Friday, April 05, 2024

Going bonkers

My friend Gill and I agreed yesterday that it has been raining here for six months. The Trail is too muddy to ride a bike on, you need wellies to walk over the fields, the garden is too waterlogged to dig, and I am getting fed up with indoor occupations that I love, such as painting.

Actually I think the rain has driven me a little bit bonkers. Otherwise why would I be unpicking a double bed patchwork quilt with the intention of remaking it? The quilt in question is my sunset quilt:




Actually, it was always a failure as a quilt, though as a wall hanging it might have passed muster.

But it doesn’t look like this any more because some of the colours are so faded, and also, of course, because I am unpicking it. 

Here is an example of the fade. This is the binding: it started as dark blue and is now a weird faded pinky orange:




I could have given it away to a pet shelter, I suppose, but there are some tasty bits of fabric in it that haven’t faded. And if I remake it in a new design and with new fresh pieces added, I can re-use the wadding and the back. Actually, the more I think about it the more mad the project seems. It will probably take me all summer to unpick it, if we actually have a summer. Who knows if the climate has changed for good? 

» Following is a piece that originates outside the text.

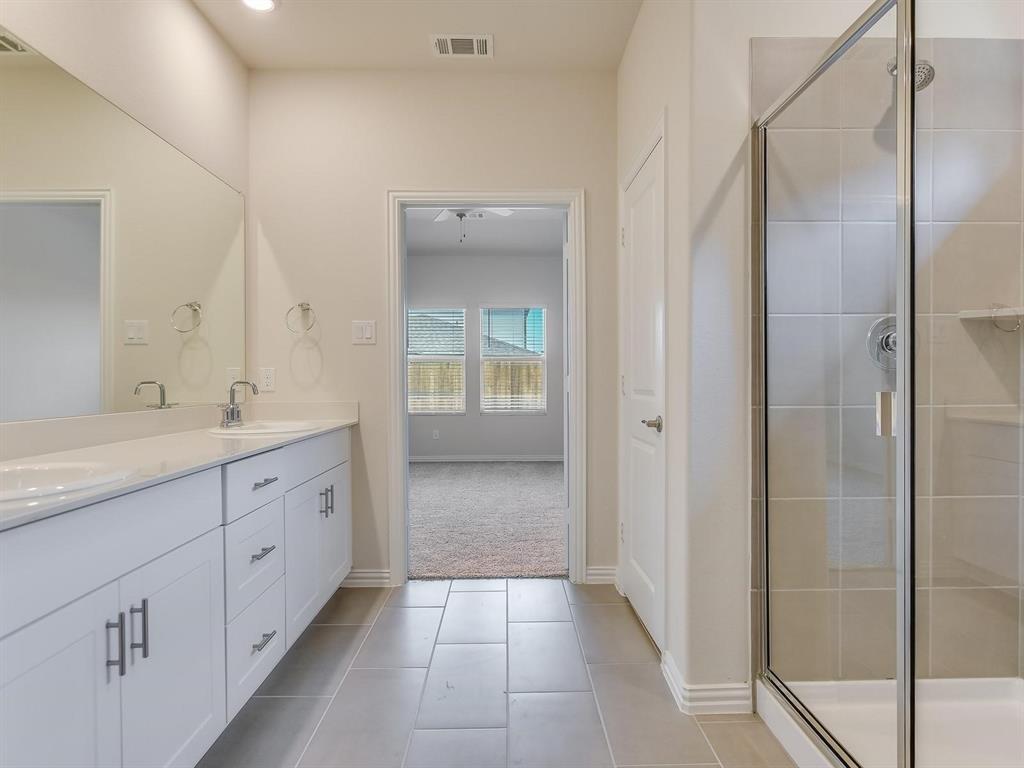 Melissa, Texas 75454, United States, 5 Bedrooms Bedrooms, ,3 BathroomsBathrooms,Residential,Pending,133909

Dave meanwhile is also behaving strangely. You know I said he made me some hot cross buns for Easter as a treat? Well they were so delicious I asked him if he’d make me some more. 

Dave makes our bread and our oatcakes, even though he hates baking. And he doesn’t eat hot cross buns, but he is making me another batch.  I said it was the taste that mattered and he really didn’t need to bother about the cross on the top or the glaze, but he’s just come upstairs and asked if we have a metal nozzle because the hole in the plastic bag approach made the cross too wide last time.

“What’s going on?” I said. “I said I don’t care about the crosses.”

“I care about the crosses.”

“But why? You’re an atheist, you’re not going to eat them, and you hate baking, so why make it more of a faff than you need to?”

He then admitted that when our children were still at home and I was baker-in-chief, he was always disappointed by my hot cross buns (which in those days he ate) because I just made the cross with the knife, which meant they weren’t like the ones he had as a child. 

We don’t have a metal nozzle (a casualty of the fire that I never restocked) so I suggested he wash out the nozzle on a washing up liquid bottle, but he thought he'd never get rid of the taste of the detergent.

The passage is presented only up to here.